Foundation For The Preservation of The Mahayana Tradition - History

History

The name and structure of the FPMT date to 1975, in the wake of an international teaching tour by Lamas Yeshe and Zopa. However, the two had been teaching Western travelers since at least 1965, when they met Zina Rachevsky, their student and patron, in Darjeeling. In 1969, the three of them founded the Nepal Mahayana Gompa Centre (now Kopan Monastery). Rachevsky died shortly afterwards, during a Buddhist retreat.

Lama Yeshe resisted Rachevsky's appeals to teach a "meditation course," on the grounds that in the Sera Je tradition in which he was educated, "meditation" would be attempted only after intensive, multi-year study of the "five topics." However, he gave Lama Zopa permission to lead what became the first of Kopan's meditation courses (then semiannual, now annual) in 1971. Lama Zopa led these courses at least through 1975 (and occasionally thereafter).

During the early 1970s, hundreds of Westerners attended teachings at Kopan.
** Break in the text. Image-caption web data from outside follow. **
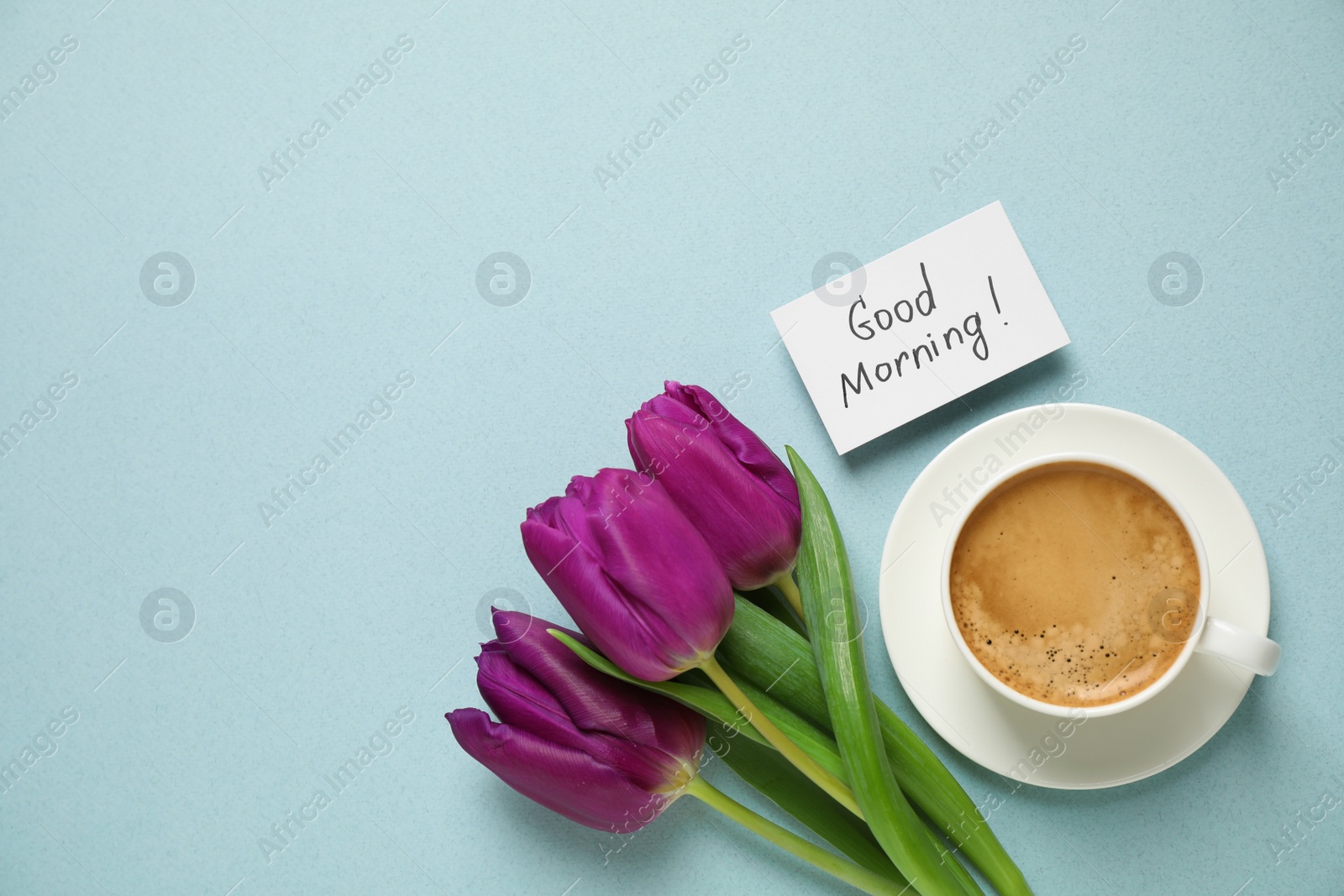 Photo of Delicious coffee, flowers and card with GOOD MORNING wish on light background, flat lay. Space for text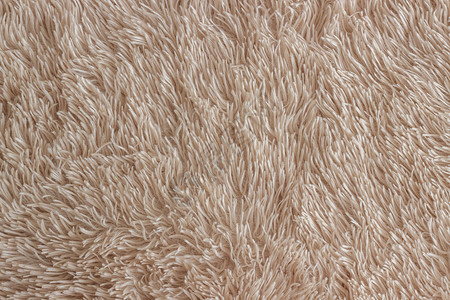 聚酯纤维合成的长堆米色可舒适家庭服装背景纹理等长堆的聚酯毛状抽象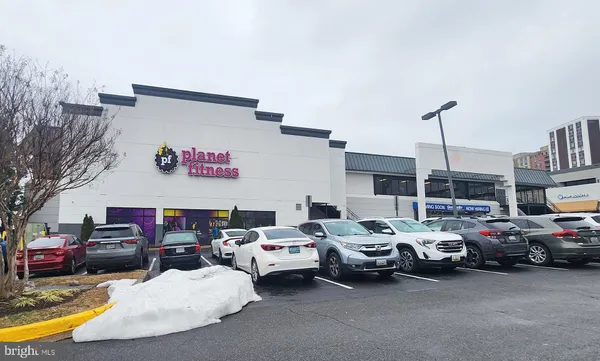 a group of cars parked in a parking lot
Historical descriptions and recollections routinely characterize early Western participants as hippies—backpackers on extended overland tours of Asia—to whom Lama Yeshe's style of discourse especially appealed.

Geoffrey Samuel (see bibliography) finds it significant that "lamas" Yeshe and Zopa had not yet attracted followings among the Tibetan or Himalayan peoples (Zopa's status as a minor tulku notwithstanding), and that their activities took place independently of any support or direction from the Tibetan Government in Exile in Dharamsala. On his reading, their willingness to reach out to Westerners was in large measure the result of a lack of other sources of support. Nevertheless, Samuel sees their cultivation of an international network as having ample precedent in Tibet.

In December 1973, Lama Yeshe ordained fourteen Western monks and nuns under the name of the International Mahayana Institute. Around this time, Lama Yeshe's students began returning to their own countries. The result was the founding of an ever-increasing number of dharma centers in those countries.

In his description of the FPMT, Jeffrey Paine (see bibliography) emphasizes the charisma, intuition, drive, and organizational ability of Lama Yeshe. Paine asks us to consider how a refugee with neither financial resources nor language skills could manage to create an international network with more than a hundred centers and study groups.

David N. Kay (see bibliography) makes the following observation:

"Lama Yeshe's project of defining and implementing an efficient organizational and administrative structure within the FPMT created the potential for friction at a local level. The organization's affiliated centers had initially been largely autonomous and self-regulating, but towards the late-1970's were increasingly subject to central management and control."

As a result, says Kay (and Samuel's analysis concurs), at the same time that the FPMT was consolidating its structure and practices, several local groups and teachers defected, founding independent networks. Geshe Loden of Australia's Chenrezig Institute left the FPMT in 1979, in order to focus on his own network of centers. More consequentially, Geshe Kelsang Gyatso and his students caused the Manjushri Institute, the FPMT's flagship center in England, to sever its FPMT ties. At issue was whether the centers and their students ought to identify primarily with Lama Yeshe, local teachers, the Gelugpa tradition, or Tibetan Buddhism as a whole. The FPMT now asks its lamas to sign a "Geshe Agreement" which make explicit the organization's expectations. Complicating the latter dispute was controversy over Dorje Shugden; the FPMT has accepted the Dalai Lama's ban on the worship of this deity.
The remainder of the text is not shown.